++++ RECORDS FOR THE EXERCISE

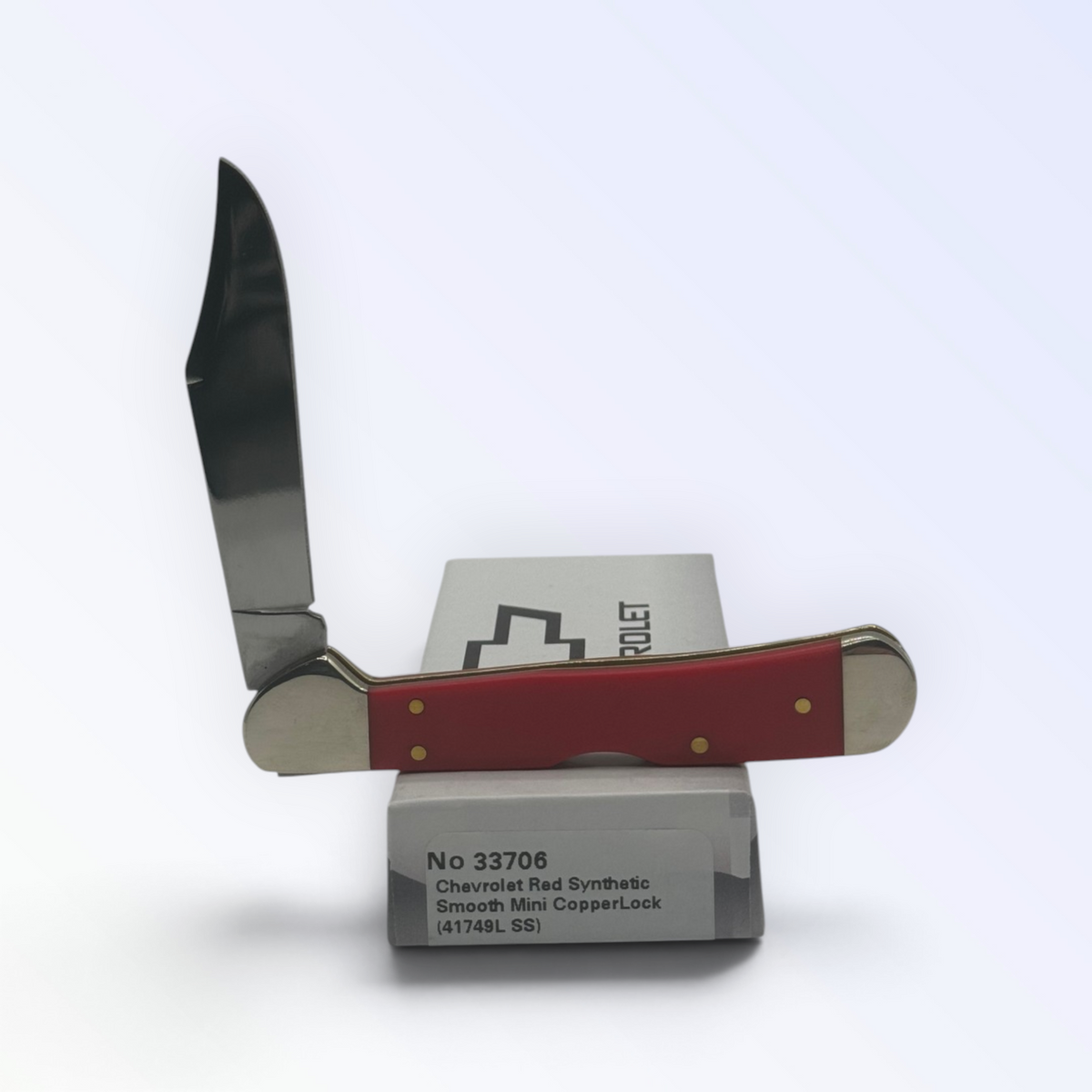 Chevrolet Red Synthetic Mini Copperlock by Case XX (33706), close view of handle texture with blades open on box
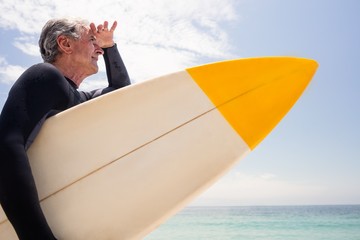 Senior man with surfboard shielding eyes at beach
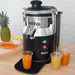 Hamilton Beach HJE960 commercial electric juicer on a counter with fresh carrots, pineapple and glasses of juice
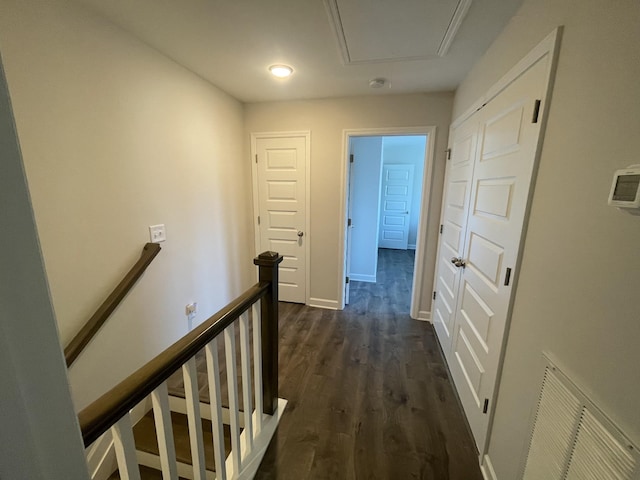 hallway with baseboards, visible vents, dark wood finished floors, and an upstairs landing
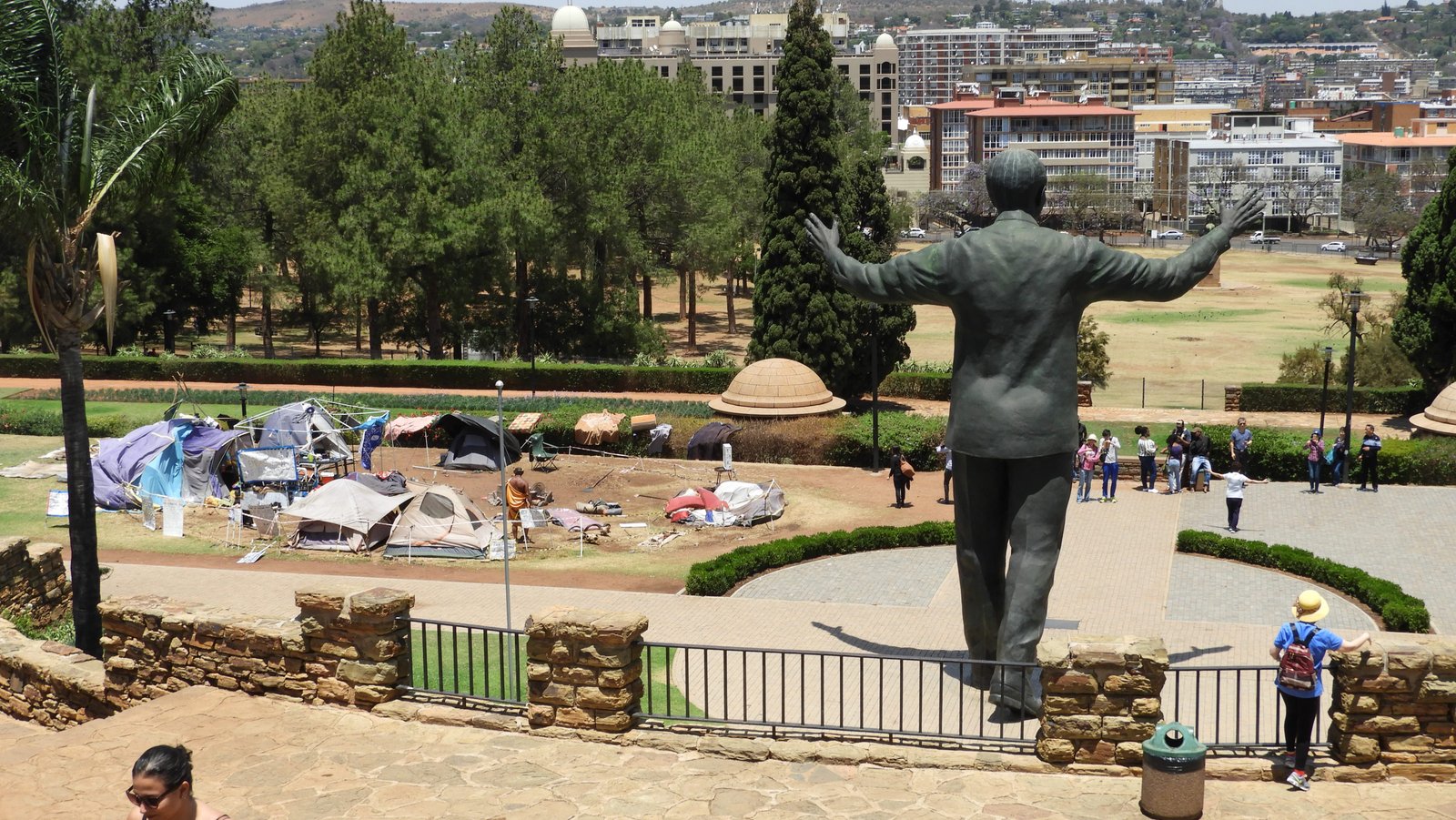 Tentjes van Khoi en San protesterend. Rechts standbeeld van Mandela.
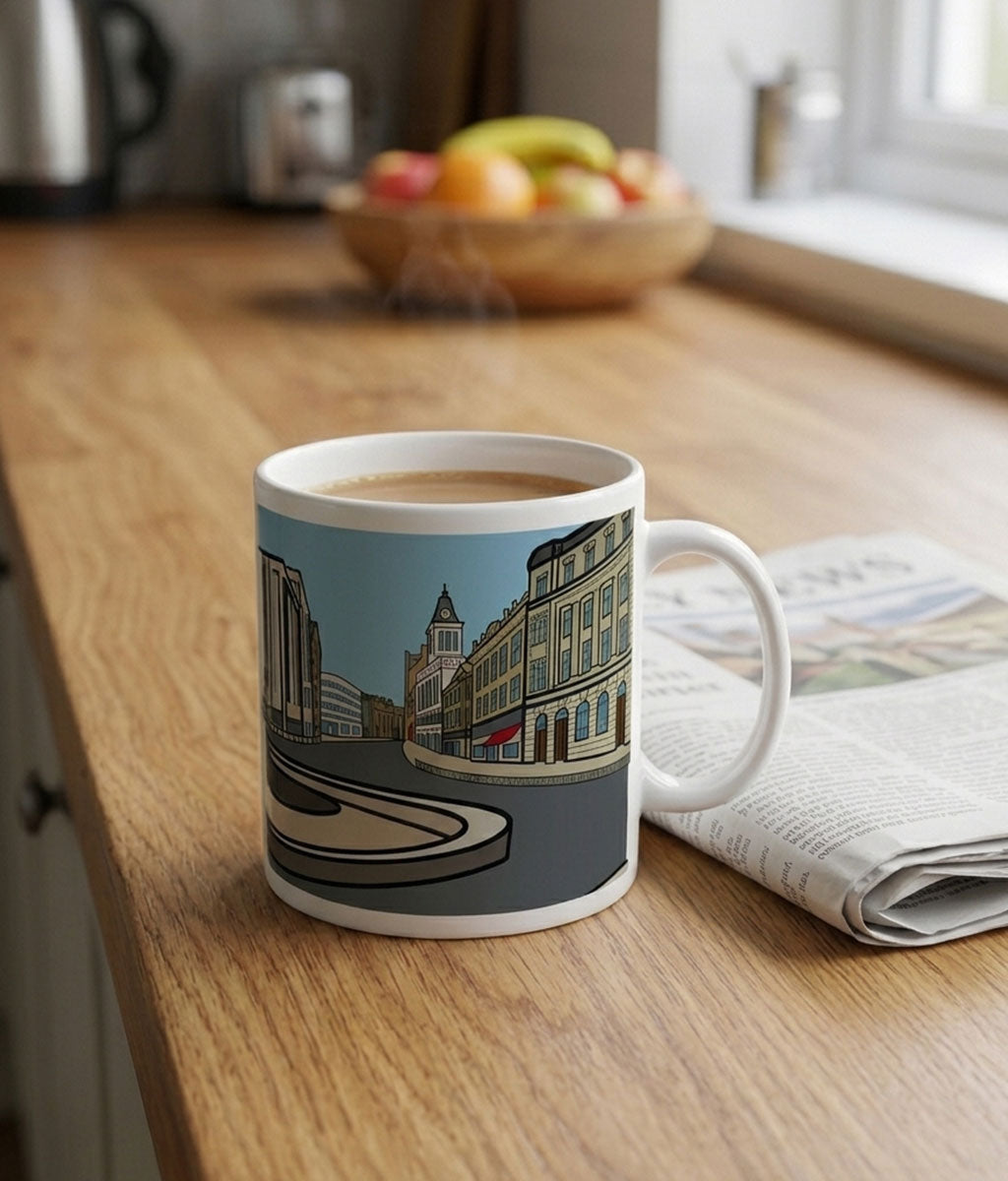 Mug with a cityscape design on a wooden table with a newspaper and fruit bowl in the background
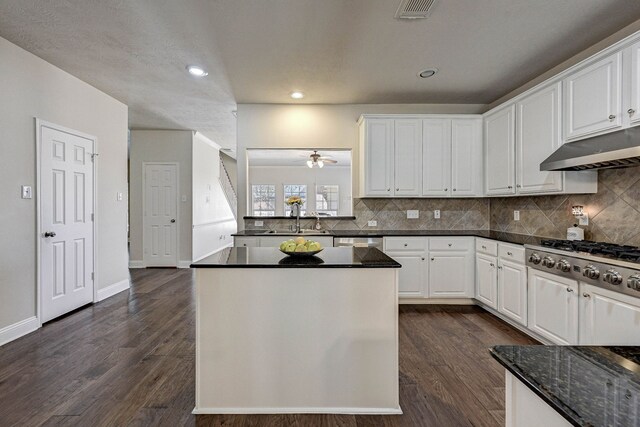 kitchen with appliances with stainless steel finishes, sink, dark hardwood / wood-style flooring, white cabinetry, and dark stone countertops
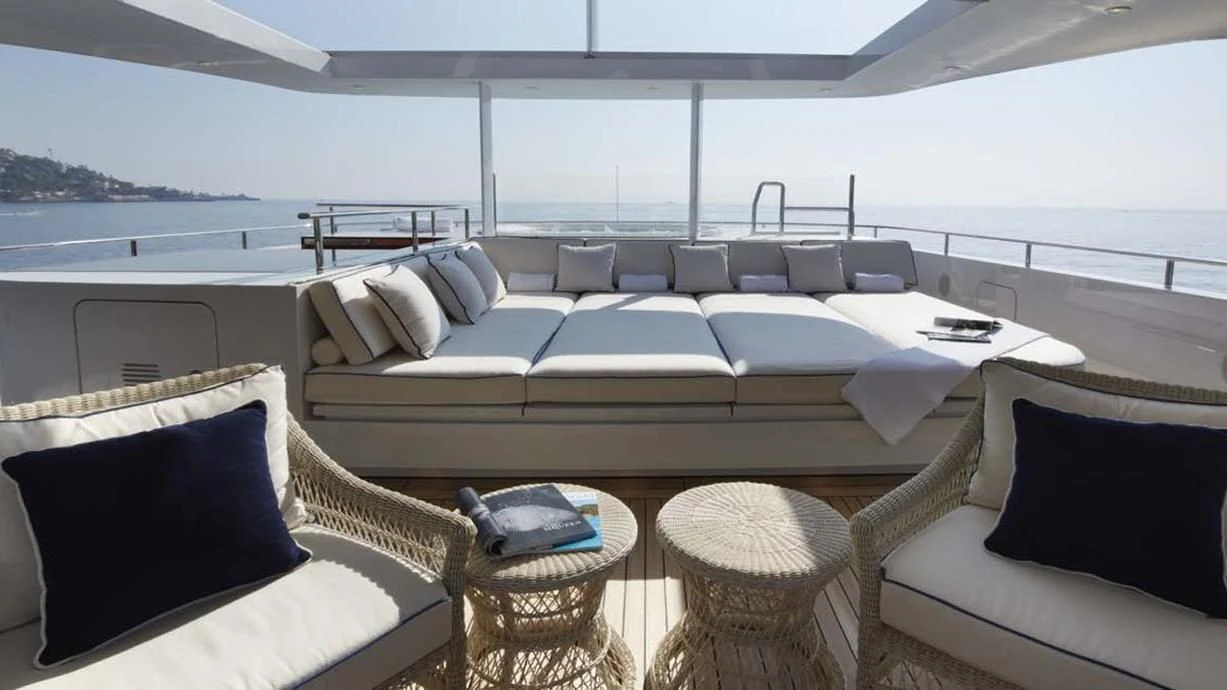 a large white yacht with a couch and a table aboard FORWIN Yacht for Sale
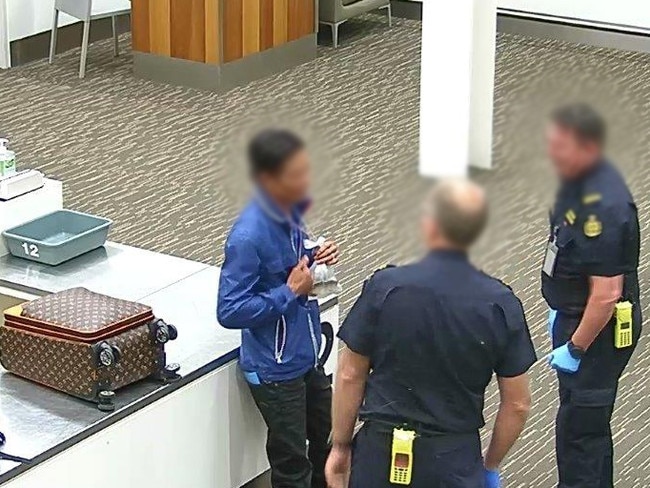 Van Ho Le is arrested at Adelaide Airport. Picture: Australian Border Force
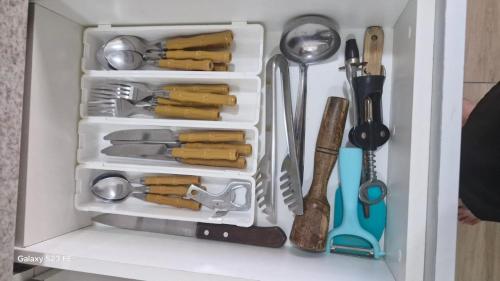 a white refrigerator filled with lots of kitchen utensils at Apt lindo e novo vista mar com garagem orla de Pituba in Salvador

++++++++

**WHAT THE EXERCISE ASKS:** In the copy, include no pictures; transcribe every record above verbatim.

**TASK ANSWER:**
 Chevrolet Red Synthetic Mini Copperlock by Case XX (33706), close view of handle texture with blades open on box
 Senior man with surfboard shielding eyes at beach
 Hamilton Beach HJE960 commercial electric juicer on a counter with fresh carrots, pineapple and glasses of juice
 hallway with baseboards, visible vents, dark wood finished floors, and an upstairs landing
 Tentjes van Khoi en San protesterend. Rechts standbeeld van Mandela.
 Mug with a cityscape design on a wooden table with a newspaper and fruit bowl in the background
 kitchen with appliances with stainless steel finishes, sink, dark hardwood / wood-style flooring, white cabinetry, and dark stone countertops
 a large white yacht with a couch and a table aboard FORWIN Yacht for Sale
 Van Ho Le is arrested at Adelaide Airport. Picture: Australian Border Force
 a white refrigerator filled with lots of kitchen utensils at Apt lindo e novo vista mar com garagem orla de Pituba in Salvador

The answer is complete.